Some of you may have heard me ranting on Packet Pushers on stupid network tricks and why we continue to be forced to implement kluges as a result. I made some comment about trying to come up with some metric to help measure the deviation of the network from the “golden” desired state to the dirty, dirty thing that it’s become over time due to kluges and just general lack of network hygiene.
So I decided that I would write a bit of code to get the conversation started. All code discussed is available on my github here
The Idea
What I wanted here was to create some pseudo-mathematical way of generating a measurement that can communicate to the management structure WHY the requested change is a really, really, bad idea.
Imagine these two conversations:
Which conversation would you like to be part of?
Assumptions:
I’m making some assumptions here that I think it’s important to talk about.

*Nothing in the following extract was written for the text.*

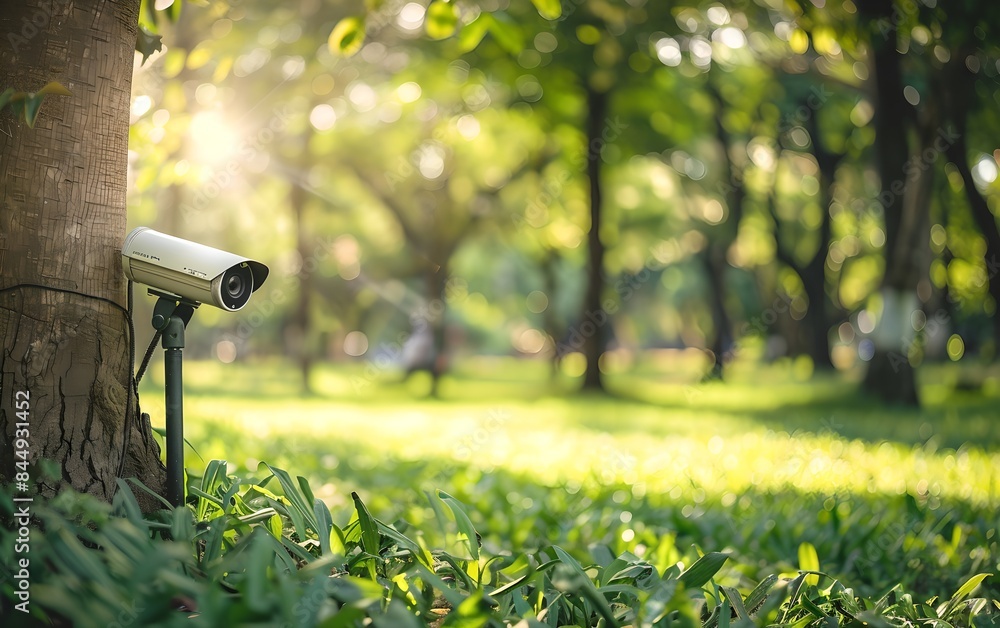CCTV camera mounted on tree in park. Modern surveillance system technology concept. Electronic device for security and control. Banner with copy space CCTV camera mounted on tree in park. Modern surveillance system technology concept. Electronic device for security and control. Banner with copy space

- You have a source-of-truth defined for your network state. That is you have abstracted your network state into some YAML files or something like that.
- You have golden configurations defined in templates (ex Jinja2 ). These templates can be combined with your source-of-truth and used to generate your “golden” config for any network device at any time.
- You have “current-state” templates (jinja2) defined that include all your kluges that can be combined with your source-of-truth and used to generate your “golden” config for any network device at any time.
The Fragility Metric
So how does one calculate the fragility of a network?
Wow! Thanks for asking!
My methodology is something like this.
- Generate the configurations for all network devices using the golden configuration templates.
- Generate the configurations for all network devices using the “current-state” configuration templates.
We should now be left with a directory full of pairs of configs.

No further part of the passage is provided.